Constance's notes from the same session:
This roundtable was somewhat contentious (if not slightly
condescending) toward academics, so my notes will be brief (to
avoid trouble, since *cough* I'm one of the "slow as molasses" and
"useless" academic games researchers the panel repeatedly
bashed). Rumor has it that the negative tone was in response to a
panel scheduled several days later entitled, "Academics Fragging
Developers." I have no idea, nor did I ask. Hell, I don't even
understand what the fragging title means in the first place. I
went to GDC so I could get some insight into the development side
of games, not to frag anyone. Back to topic: The discussion
started with explaining that little academic research is useful to
designers, then explaining why (in a variety of terms), then
finally reducing the issue of 'collaboration between academics and
industry' to one of 'academics training students for later work in
industry.' I then stopped taking notes. Though admitting that, at
least for MMOGs, most of the problems that designers face are
"more soft science rather than hard science" (Raph), only
technology research and industry training was discussed (and then
promptly trivialized). As a social scientist who thinks I do, in
fact, have something to offer and something to learn from
industry, I can only say that NOT ALL MMOG DESIGN PROBLEMS
CAN/SHOULD BE REDUCED TO TECHNICAL PROBLEMS. I guess that's not a
very popular stance to take at the GDC, though.

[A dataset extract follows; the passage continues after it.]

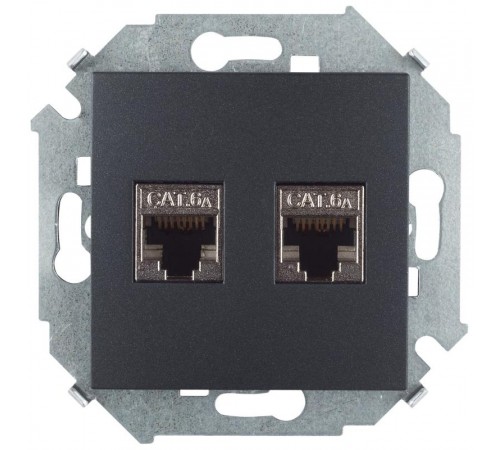 Simon 15 Графит Розетка компьютерная двойная RJ45 кат.6а (АМР, FTP)  1591564-038  Simon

Next I went off to have a meeting with Michael Mateas about my
research plan, and after some running around after lunch boxes we
sat down.
After that I went to an AI roundtable with the topic RPGs and
adventure games, moderated by Neil Kirby. There were some
interesting discussions, but nothing that was directly relevant to
my research.
Next stop was:
Creating the Right Mix of Static Versus Dynamic Content in a
Massively Multiplayer Game
Speaker(s): Rich Vogel
He had a very specific opinion about the rate: 70% of the content in
a MMOG should be static, and 30% should be dynamic.
Constances notes from the same session:
First off, if you do not know who Rich Vogel is, stop reading this
and go google him. He is a very cool guy. Vexed a bit on the issue
of user-generated content, but a very very cool guy. Vogel began
by stating, "Hollywood tells stories. We create "living
experiences." He then did a pro and con of both static content
(designed-in experiences) and dynamic content (user generated
content), arguing that the right mix is roughly 70 / 30. He sees
the future of MMOGaming in things like: mechanisms for players to
change the world, systems that are not geared toward killing
(e.g. SWG's entertainer class), and - most importantly IMHO -
toolboxes for players to generate their own content. Woot! My
only real issue throughout the entire presentation was in how
Vogel was defining "dynamic content." At first he explicitly
defined it as "player generated," but through a large part of the
talk he also seemed to be including any content that was
time-sensitive, such as dynamic points of interest that are
designed to be consumed only once, random brief encounters (again,
designed in but triggered by an individual's action), etc. Are
these kinds of content really 'of the same sort'? I see triggering
content as very different than authoring content: I might trigger
a scold for this article, but I didn't author it. And I might
author the article, but I didn't trigger it (the speakers did). Or
something like that... Regardless, the session was well worth the
time investment and thought-provoking for those who attended.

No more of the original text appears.